Next, you’ll want to look at what third-party modules your codebase is using. You’ve probably got some that were installed a while ago that you no longer need, or some that were nice-to-haves that aren’t providing that much value. Put these modules under a microscope and really figure out if you need them. If you do, what functionality from them do you need? Are you able to rebuild these modules yourself with just the functionality you need to reduce bloat?


Most modules have thousands of lines of unnecessary code as they’ve been built up over the years to support needs from other brands that have requirements that you don’t. [8] In my experience, it’s often easier to find the code you do need and move that out than it is to try and optimize all of the existing code.

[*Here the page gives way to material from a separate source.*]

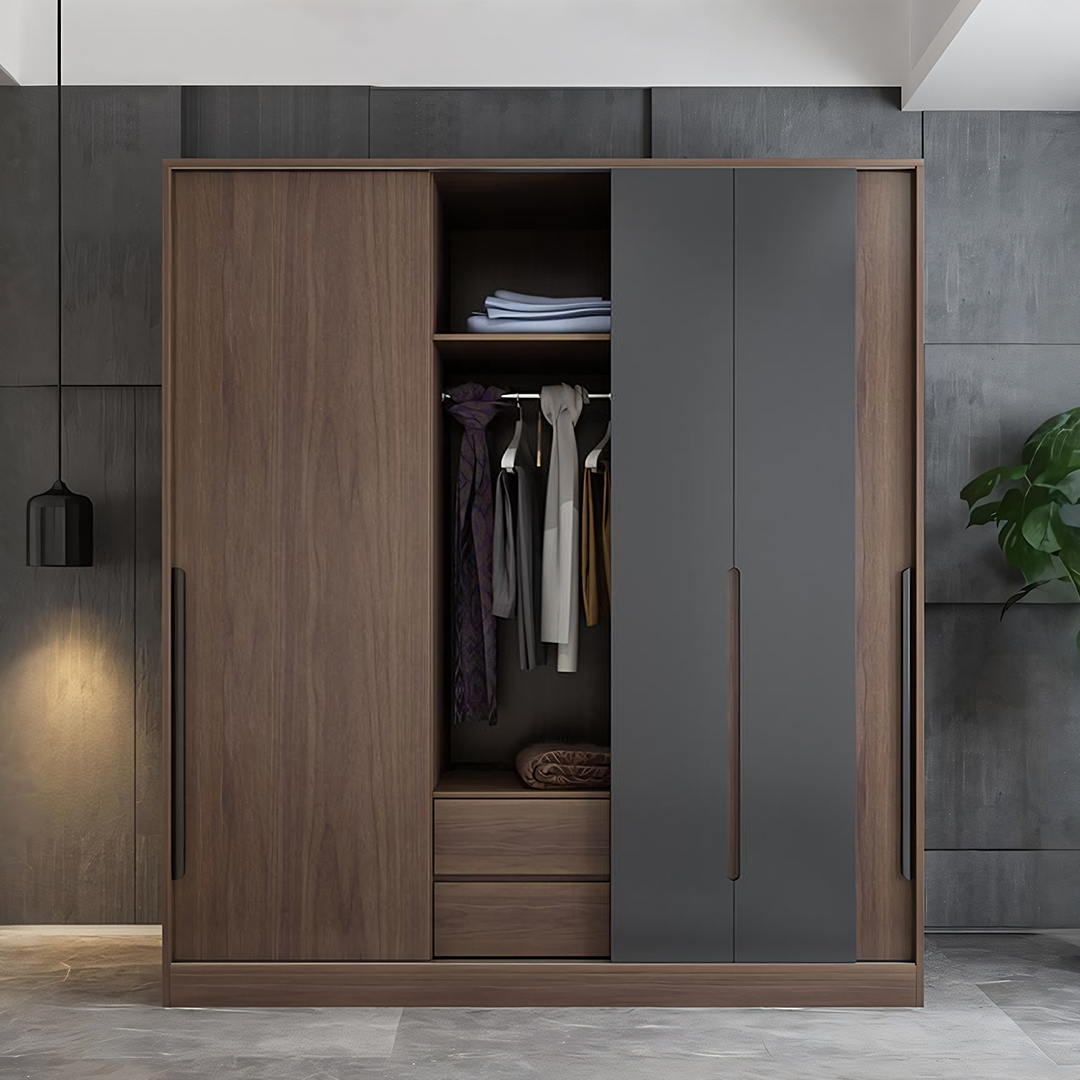 KA9336 Armoire, Palissandre &amp; Noir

For some of the larger third-party modules, of course, it won’t be practical for you to go through and untangle everything to rebuild that functionality yourself. In these cases, try and look for the worst pieces of code - anything that’s touching the cache, dealing with user-specific data, database queries, etc. You need to build an understanding of exactly what code is actually running per request so that you can decide if it can be optimised.

Monitoring Cache

The number of items across your caching infrastructure should gradually increase over time. These items will have expiry timestamps so of course will deplete, but the general trend should be positive. When you perform a deployment part of that process should be running the setup:upgrade command, which should clear both the Redis and FPC. [9] The number of cached items at the point of this command running should drop to zero, and then quite quickly pick up again as core framework items get cached when requests are made.

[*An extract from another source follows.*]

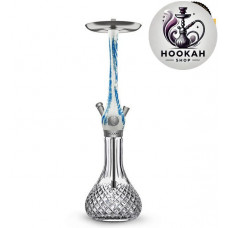 Hookah of Wookah Arctic Blue Crystal Check (vuka Artek to Christal's bl check)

If your infrastructure is healthy, this is the only time that you should see the number of cached items drop to zero. In our case, when we looked into this we noticed that ours was struggling to ever hold above zero, which was immediately concerning.


I said earlier that third-party modules are usually the culprits for performance issues, but in reality, they’re just the most addressable and where you should focus your efforts on. We didn’t know it at the time, but we’d just stumbled upon a core issue that we couldn’t ignore.

Core Issues

We added some logging around all of the interfaces that touched the cache so that we could see exactly what cache was being cleared, and where these calls were coming from. After analyzing the stack trace, this is what we found:


  1. A user adds a product to their cart, triggering the shipping rate calculation
  2. This calculation then requests the shipping providers to calculate rates, including Temando
  3. Temando starts to build a request to their API to retrieve the rates
  4. As part of this request, Temando retrieves an access token from the admin panel
  5. Temando clears the entire cache so that they can retrieve the latest access token
  6. The request is made, and shipping rates are calculated


We weren’t sure what we were expecting to find when we were trawling through dozens of classes and methods trying to piece together what was going on, but this was laughable. What made it even worse was not only that the Temando module was a third-party module that they paid Magento to include in the core framework, but that the module was disabled. This meant that everyone running the same Magento version as us was constantly having their cache cleared, at best making their website significantly slower, and at worst bringing it down when a significant number of users were adding to the cart.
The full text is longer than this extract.